**Your assignment**
Below are entries; repeat exactly, and nothing else, the lines from the one holding "Isolierflasche Manaslu" through the one holding "Apartments Venice S. Croce", inclusive. Leave the pictures out.

**Data for this task**
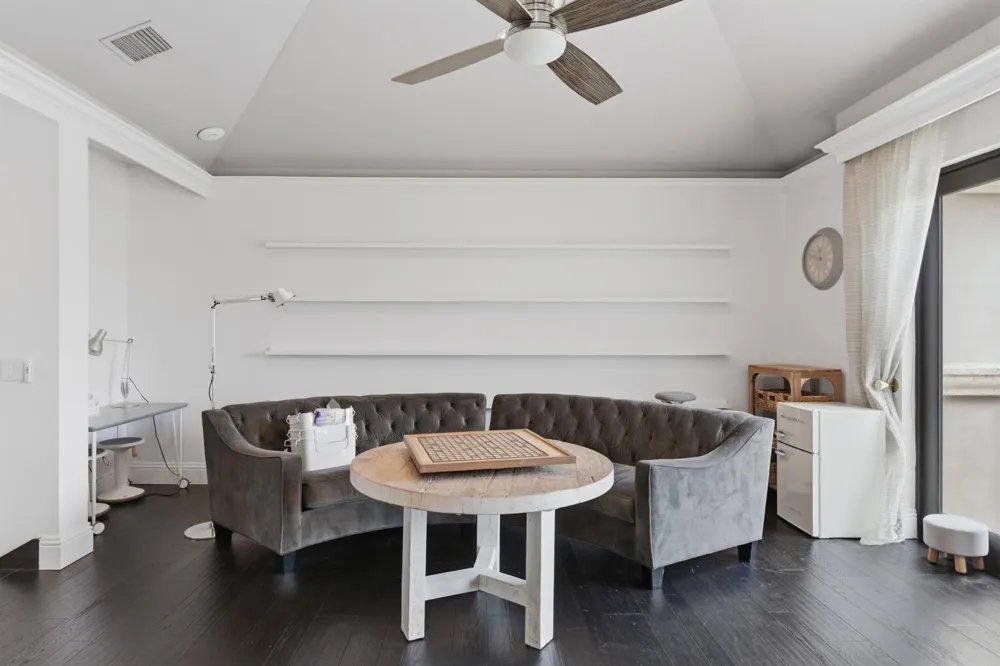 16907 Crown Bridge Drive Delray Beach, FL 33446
==
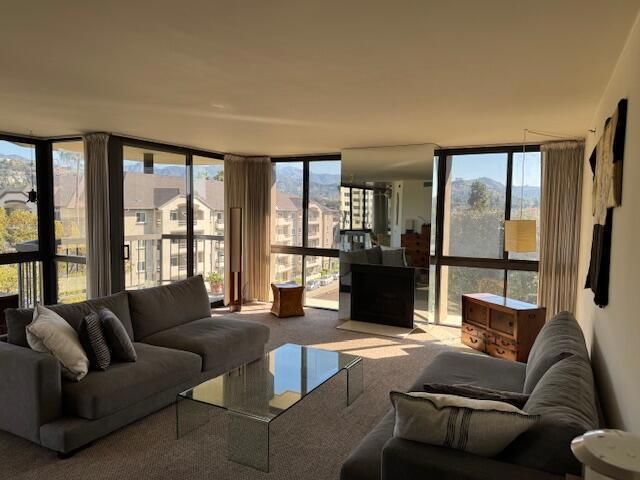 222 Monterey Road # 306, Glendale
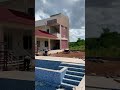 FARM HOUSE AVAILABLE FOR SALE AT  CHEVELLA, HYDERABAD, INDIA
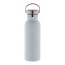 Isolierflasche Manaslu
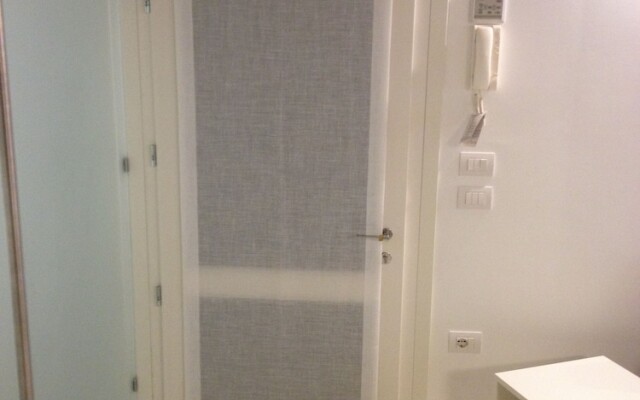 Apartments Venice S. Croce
--
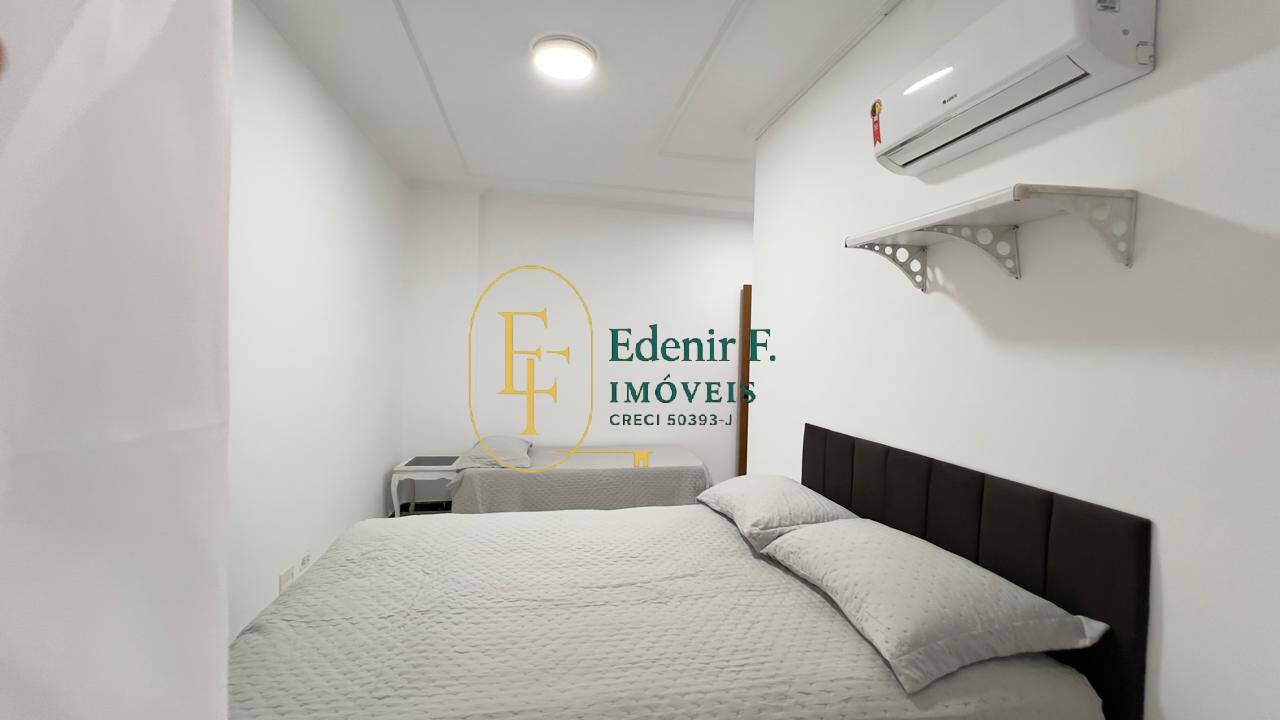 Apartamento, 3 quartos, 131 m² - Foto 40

**Expected output**
 Isolierflasche Manaslu
 Apartments Venice S. Croce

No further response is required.